The dichotomy is that ERISA is a union backed federal regulation which was intentionally designed to loot businesses to favor unions, and which coincidentally motivated businesses to setup the job-healthcare connection. Yet even knowing this, Johnston views the solution in the prism of the law, of changing or creating regulations, rather than of a political science or philosophy of life that originates from elsewhere.

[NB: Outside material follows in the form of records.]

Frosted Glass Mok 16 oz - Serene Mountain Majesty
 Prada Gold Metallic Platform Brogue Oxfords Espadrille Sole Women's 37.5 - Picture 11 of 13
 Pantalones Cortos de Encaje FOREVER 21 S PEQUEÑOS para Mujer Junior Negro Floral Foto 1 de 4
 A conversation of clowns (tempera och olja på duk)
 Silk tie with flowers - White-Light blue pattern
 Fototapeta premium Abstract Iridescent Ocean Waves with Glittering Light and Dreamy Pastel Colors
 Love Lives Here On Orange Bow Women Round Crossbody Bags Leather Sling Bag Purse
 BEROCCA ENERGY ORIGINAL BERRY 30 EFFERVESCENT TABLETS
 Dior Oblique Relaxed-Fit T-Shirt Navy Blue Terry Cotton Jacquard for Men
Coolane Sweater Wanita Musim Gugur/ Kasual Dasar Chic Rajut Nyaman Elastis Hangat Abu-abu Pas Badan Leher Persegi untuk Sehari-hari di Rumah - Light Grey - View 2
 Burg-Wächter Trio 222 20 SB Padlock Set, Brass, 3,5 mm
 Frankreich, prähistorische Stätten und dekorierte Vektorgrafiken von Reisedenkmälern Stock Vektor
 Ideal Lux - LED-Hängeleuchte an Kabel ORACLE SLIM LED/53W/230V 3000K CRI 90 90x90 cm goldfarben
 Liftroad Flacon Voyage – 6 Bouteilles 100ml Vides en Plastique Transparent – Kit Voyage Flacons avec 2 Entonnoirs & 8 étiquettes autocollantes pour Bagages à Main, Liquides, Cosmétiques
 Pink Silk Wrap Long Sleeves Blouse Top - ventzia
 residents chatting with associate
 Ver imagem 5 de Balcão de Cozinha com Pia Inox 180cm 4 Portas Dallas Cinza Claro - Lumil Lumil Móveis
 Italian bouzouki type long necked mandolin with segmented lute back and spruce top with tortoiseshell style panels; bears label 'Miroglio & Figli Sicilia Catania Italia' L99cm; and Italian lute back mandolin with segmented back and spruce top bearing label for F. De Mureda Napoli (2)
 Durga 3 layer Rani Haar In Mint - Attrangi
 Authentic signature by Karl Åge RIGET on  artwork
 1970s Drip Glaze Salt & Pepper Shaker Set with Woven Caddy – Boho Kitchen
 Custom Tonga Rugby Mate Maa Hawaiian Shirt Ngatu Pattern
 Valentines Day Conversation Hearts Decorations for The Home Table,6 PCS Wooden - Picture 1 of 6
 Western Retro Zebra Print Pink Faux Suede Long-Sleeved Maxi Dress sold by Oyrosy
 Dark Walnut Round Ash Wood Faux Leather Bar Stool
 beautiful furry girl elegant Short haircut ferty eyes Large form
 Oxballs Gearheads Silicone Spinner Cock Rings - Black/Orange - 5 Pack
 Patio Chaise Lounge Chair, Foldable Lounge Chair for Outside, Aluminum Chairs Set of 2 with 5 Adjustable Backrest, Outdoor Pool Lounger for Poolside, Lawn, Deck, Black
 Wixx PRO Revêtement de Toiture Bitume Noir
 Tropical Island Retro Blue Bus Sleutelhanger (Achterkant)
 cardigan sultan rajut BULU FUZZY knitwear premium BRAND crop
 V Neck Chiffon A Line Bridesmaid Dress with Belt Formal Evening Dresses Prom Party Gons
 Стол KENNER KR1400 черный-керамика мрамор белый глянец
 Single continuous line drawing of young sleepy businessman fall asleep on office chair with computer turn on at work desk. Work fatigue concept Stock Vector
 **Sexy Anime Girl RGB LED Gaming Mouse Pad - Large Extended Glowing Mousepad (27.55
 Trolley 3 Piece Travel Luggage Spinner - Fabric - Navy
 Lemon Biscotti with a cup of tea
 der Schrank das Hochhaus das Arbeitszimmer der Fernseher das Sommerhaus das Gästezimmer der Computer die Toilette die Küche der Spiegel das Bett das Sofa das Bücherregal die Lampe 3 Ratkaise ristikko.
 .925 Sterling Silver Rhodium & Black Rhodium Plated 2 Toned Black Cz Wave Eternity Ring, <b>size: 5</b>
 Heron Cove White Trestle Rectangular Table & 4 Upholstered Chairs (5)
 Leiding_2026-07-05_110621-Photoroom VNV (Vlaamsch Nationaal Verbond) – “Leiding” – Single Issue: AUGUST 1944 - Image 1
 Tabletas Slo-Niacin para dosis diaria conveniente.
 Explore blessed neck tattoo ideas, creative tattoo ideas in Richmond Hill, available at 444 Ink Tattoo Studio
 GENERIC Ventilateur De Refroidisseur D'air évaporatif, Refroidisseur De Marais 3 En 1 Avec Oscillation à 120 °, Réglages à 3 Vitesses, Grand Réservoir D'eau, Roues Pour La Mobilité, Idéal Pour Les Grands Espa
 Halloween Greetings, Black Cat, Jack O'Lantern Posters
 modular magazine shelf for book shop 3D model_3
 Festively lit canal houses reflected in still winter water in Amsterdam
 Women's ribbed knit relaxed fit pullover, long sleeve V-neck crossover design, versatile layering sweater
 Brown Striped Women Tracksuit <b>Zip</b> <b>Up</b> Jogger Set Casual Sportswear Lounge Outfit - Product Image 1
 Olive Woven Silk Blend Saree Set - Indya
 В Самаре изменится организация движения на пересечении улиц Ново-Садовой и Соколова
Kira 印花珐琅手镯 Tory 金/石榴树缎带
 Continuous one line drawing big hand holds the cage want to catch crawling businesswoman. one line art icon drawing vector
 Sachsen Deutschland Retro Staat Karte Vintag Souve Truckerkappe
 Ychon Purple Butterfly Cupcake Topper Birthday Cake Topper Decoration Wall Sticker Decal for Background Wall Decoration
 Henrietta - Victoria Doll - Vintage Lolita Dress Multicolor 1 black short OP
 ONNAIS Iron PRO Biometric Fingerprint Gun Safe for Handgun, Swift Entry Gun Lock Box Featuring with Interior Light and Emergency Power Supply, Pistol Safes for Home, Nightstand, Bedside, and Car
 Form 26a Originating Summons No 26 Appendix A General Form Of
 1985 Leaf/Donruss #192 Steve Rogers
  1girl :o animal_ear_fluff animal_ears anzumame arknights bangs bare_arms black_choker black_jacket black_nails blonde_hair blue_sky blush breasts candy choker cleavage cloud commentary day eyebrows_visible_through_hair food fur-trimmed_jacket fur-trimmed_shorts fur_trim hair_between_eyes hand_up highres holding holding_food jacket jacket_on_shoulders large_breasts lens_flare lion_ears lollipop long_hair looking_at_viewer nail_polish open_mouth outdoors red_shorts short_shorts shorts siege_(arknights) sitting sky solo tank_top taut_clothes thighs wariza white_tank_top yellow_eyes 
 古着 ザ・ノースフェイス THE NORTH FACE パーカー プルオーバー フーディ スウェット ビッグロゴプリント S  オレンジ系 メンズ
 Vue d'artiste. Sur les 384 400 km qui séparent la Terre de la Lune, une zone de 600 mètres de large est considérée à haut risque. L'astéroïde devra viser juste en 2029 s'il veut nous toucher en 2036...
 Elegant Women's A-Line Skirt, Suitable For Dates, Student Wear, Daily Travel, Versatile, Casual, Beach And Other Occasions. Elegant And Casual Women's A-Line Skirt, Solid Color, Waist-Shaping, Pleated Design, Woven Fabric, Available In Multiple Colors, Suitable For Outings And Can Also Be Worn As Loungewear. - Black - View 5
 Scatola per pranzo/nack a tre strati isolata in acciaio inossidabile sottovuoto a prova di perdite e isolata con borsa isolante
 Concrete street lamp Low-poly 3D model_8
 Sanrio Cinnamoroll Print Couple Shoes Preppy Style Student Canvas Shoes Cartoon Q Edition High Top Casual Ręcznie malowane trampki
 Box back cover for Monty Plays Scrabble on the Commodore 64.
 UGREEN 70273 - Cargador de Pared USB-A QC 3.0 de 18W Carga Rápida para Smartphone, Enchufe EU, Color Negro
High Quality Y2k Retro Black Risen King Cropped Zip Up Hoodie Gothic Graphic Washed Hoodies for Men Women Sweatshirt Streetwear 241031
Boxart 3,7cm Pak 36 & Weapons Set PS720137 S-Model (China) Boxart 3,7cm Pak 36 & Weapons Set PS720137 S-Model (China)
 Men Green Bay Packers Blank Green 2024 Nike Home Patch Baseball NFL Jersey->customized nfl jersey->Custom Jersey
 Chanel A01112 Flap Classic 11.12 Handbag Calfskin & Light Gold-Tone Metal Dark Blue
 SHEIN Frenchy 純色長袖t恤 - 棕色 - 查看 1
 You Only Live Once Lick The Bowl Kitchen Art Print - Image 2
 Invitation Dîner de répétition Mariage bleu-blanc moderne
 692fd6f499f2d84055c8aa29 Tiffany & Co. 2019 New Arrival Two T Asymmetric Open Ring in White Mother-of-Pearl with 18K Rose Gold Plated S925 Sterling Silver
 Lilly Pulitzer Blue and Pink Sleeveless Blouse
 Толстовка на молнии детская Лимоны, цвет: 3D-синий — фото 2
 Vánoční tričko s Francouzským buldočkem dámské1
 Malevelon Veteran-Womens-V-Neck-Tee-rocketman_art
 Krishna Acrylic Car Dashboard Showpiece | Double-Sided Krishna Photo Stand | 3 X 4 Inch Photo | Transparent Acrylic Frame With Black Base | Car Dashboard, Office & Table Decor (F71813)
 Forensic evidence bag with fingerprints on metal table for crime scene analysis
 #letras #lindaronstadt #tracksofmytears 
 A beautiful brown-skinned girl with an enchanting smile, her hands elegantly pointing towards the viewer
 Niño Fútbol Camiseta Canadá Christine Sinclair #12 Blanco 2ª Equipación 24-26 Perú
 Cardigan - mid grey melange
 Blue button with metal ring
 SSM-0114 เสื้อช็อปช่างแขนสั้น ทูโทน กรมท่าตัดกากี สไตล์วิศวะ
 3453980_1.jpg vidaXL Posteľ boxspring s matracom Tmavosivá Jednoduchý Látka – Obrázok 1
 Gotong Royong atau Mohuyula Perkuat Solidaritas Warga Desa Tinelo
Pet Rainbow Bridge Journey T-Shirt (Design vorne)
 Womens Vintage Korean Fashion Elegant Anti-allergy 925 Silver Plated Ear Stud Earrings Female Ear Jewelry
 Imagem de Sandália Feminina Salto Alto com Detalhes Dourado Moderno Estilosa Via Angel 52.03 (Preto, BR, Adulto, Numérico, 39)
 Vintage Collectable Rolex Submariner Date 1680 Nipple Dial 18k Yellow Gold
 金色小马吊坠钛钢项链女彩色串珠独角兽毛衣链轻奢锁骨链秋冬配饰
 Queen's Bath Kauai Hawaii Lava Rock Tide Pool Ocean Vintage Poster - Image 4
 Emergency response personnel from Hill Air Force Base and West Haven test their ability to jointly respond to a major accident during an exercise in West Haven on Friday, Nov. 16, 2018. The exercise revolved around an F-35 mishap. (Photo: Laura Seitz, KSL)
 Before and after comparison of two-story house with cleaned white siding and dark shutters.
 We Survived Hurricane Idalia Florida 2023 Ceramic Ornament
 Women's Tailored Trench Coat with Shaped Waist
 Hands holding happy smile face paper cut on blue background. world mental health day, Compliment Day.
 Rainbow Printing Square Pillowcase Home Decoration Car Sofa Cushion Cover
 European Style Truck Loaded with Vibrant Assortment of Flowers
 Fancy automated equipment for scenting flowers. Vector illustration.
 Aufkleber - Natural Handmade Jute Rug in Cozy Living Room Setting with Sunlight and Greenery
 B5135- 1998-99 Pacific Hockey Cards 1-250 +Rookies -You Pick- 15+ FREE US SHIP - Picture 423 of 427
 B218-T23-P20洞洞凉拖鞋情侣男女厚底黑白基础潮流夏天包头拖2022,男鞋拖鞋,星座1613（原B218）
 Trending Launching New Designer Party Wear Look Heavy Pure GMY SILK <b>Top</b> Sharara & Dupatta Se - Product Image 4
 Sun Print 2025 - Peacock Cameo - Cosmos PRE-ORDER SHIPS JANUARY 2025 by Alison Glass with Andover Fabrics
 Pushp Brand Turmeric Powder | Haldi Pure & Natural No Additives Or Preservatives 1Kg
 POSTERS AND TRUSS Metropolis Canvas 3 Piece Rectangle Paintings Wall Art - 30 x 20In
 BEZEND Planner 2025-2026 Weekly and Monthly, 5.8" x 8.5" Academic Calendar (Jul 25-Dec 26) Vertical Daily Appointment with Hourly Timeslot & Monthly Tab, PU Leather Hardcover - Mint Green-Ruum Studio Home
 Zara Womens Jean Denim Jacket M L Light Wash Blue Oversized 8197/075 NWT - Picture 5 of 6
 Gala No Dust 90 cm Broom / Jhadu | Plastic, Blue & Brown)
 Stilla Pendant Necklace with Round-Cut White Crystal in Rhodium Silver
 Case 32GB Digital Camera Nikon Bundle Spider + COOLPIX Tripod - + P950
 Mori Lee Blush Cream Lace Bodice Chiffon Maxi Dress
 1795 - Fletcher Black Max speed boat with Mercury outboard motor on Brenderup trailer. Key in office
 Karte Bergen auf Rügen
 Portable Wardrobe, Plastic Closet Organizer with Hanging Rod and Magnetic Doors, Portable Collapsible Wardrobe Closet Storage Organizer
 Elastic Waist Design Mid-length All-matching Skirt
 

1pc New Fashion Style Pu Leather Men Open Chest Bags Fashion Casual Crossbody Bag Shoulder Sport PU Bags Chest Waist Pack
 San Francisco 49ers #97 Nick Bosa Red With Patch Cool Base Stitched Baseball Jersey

Well, despite Ymarsakar’s failure to recognize my patent flawlessness, his observations merit a response (seriously, I do appreciate his remarks here). First I take issue with his description of ERISA’s roots: it was enacted in response to the failure of the Studebaker pension plan, and was in fact opposed by unions (following is an excerpt from Wikipedia -- the reliability of which is open to question but in this case I will vouch for its accuracy based on my own research and understanding of the history):

The history of ERISA can be said to have begun in 1961 when President John F. Kennedy created the President's Committee on Corporate Pension Plans. The movement for pension reform gained some momentum when the Studebaker Corporation, an automobile manufacturer, closed its plant in 1963; the pension plan was so poorly funded that Studebaker could not afford to provide all employees with their pensions. The company created three groups. Group 1 consisted of 3,600 workers who reached the retirement age of 60. They got full pension benefits. Group 2 consisted of 4,000 workers, aged 40–59, who had ten years with Studebaker. They got lump sum payments that roughly equated to 15% of the actuarial value of their pension benefits. Group 3 was a residual group of 2,900 workers with no vested pension rights. They got nothing.

In 1967, Senator Jacob Javits proposed legislation that would address the funding, vesting, reporting, and disclosure issues identified by the presidential committee. His bill was opposed by business groups and labor unions, both of whom sought to retain the flexibility they enjoyed under pre-ERISA law.

A turning point in the history of ERISA came in 1970, when NBC broadcast Pensions: The Broken Promise, an hour-long television special that showed millions of Americans the consequences of poorly funded pension plans and onerous vesting requirements. In the following years, Congress held a series of public hearings on pension issues and public support for pension reform grew significantly.

ERISA, as I have said elsewhere, is not a bad law at all with respect to pension plans. The problem arises with the fact that, as a complete afterthought, Congress decided it would govern not only pension plans but benefit plans (employer-provided health, disability, life insurance being the primary examples). And the malignant effects about which I have complained can be traced primarily, IMO, to two misguided Supreme Court decisions. First, in 1987, was Pilot Life v. Dedeaux, in which the Court said state law remedies for things like bad faith, fraud and wrongful death were not available against ERISA insurers, and all that was available were the very stingy remedies ERISA itself provided, removing any incentive for insurers to behave themselves. Then in 1989 came Firestone v. Bruch, which led to the absurd “abuse of discretion” burden of proof which has ever since made it absurdly difficult to recover even those stingy remedies. The combined effect of these rulings and their fallout has been to allow insurers to run roughshod and to commit fraud and kill people with impunity. And the “marketplace” has been a feeble check on their behavior, if only because the people purchasing the policy (employers) are not not the same people who end up being ripped off (employees and their dependents).

1 comment:

  1. And the “marketplace” has been a feeble check on their behavior, if only because the people purchasing the policy (employers) are not not the same people who end up being ripped off (employees and their dependents).

    By that principle, you shouldn't have the government making laws, due to Union backed special interest bribes, to 'ensure' these kinds of benefits in the first place.

    Remove the abuse of power, the government intervention itself, and you don't have to fix the dam when it bursts.